Placer County removes 5,200 hazardous trees threatening county roads and infrastructure
Published April 8, 2021
Placer County has removed 5,200 trees threatening county infrastructure, marking the completion of its hazardous tree removal project.
In 2015, then Governor Edmund G. Brown Jr. proclaimed a state of emergency due to the extreme hazard of dead and dying trees throughout the state resulting from years of drought and bark beetle damage. Placer County was among the 10 counties most affected.
In response, the Board of Supervisors approved the Hazardous Tree Removal Plan, which outlined the steps needed to address the identification and removal of drought-related hazardous trees that threaten county roads and infrastructure. Under the proclamation of a state of emergency, the governor authorized California Disaster Assistance Act funds to support those most-impacted counties by reimbursing up to 75% of costs to remove eligible hazardous trees under the county’s plan.
Dead trees falling into county roadways pose a high risk to motorists. They could also inhibit emergency response and evacuations.
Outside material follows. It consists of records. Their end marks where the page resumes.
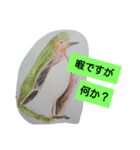 水彩色鉛筆で描いた北国の生き物たち（個別スタンプ：10）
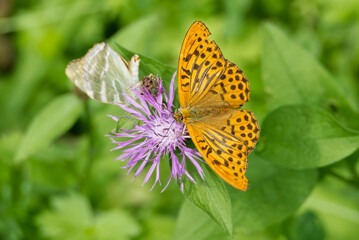 Obraz premium Silver-washed Fritillary butterfly (Argynnis paphia) sitting on pink flower in Zurich, Switzerland
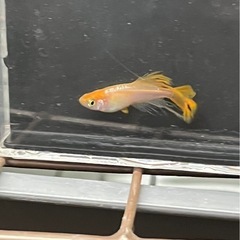 メダカ各種
の画像
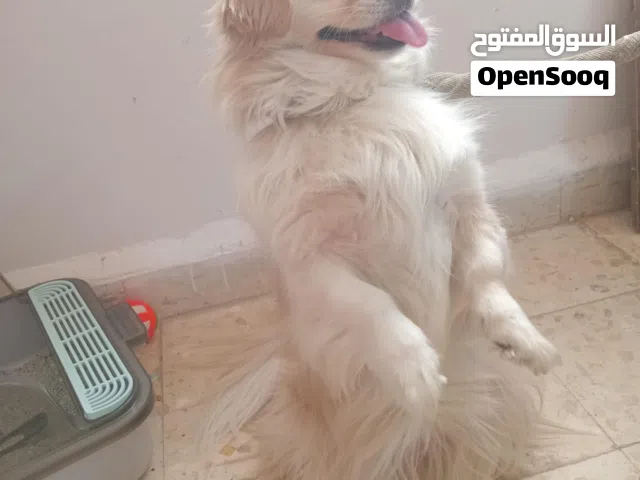 بسس وكلاب للبيع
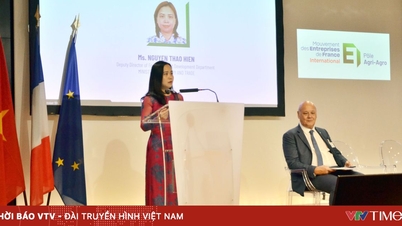 Doanh nghiệp Việt Nam thúc đẩy xuất khẩu tại thị trường Pháp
“The unhealthy condition of trees in California forests and along our roadways is one of the most compelling problems facing us,” said Placer County Board of Supervisors Chair Robert Weygandt. "It sets the stage for pine bark beetle infestations, the focus of this program. Ensuring the safety of our residents and visitors is our continuous goal. I’m very proud of the work we have done.”
Placer County is responsible for over 1,000 miles of public roadway. Aerial and ground surveys documented dead and dying trees within Placer County due to the drought. They found the trees that could affect county infrastructure, making most of the cost of removing them eligible for reimbursement by the state. Of the trees that were identified, 5,200 were authorized to be removed.
The tree removal program was a multi-agency, multi-jurisdictional effort. Partners from state and federal agencies, such as Caltrans, CAL FIRE, the U.S. Forest Service and the Bureau of Land Management, as well as private landowners, worked together to identify hazardous trees and get them removed.
While this program is now complete, many other agencies are also removing dead trees in Placer County, including Pacific Gas and Electric, Liberty Utilities, Caltrans and CAL FIRE. Hazardous trees on private property are the responsibility of the property owner to remove, but assistance may be available through the Placer County Resource Conservation District and county’s Fire Safe Alliance, depending on funding availability.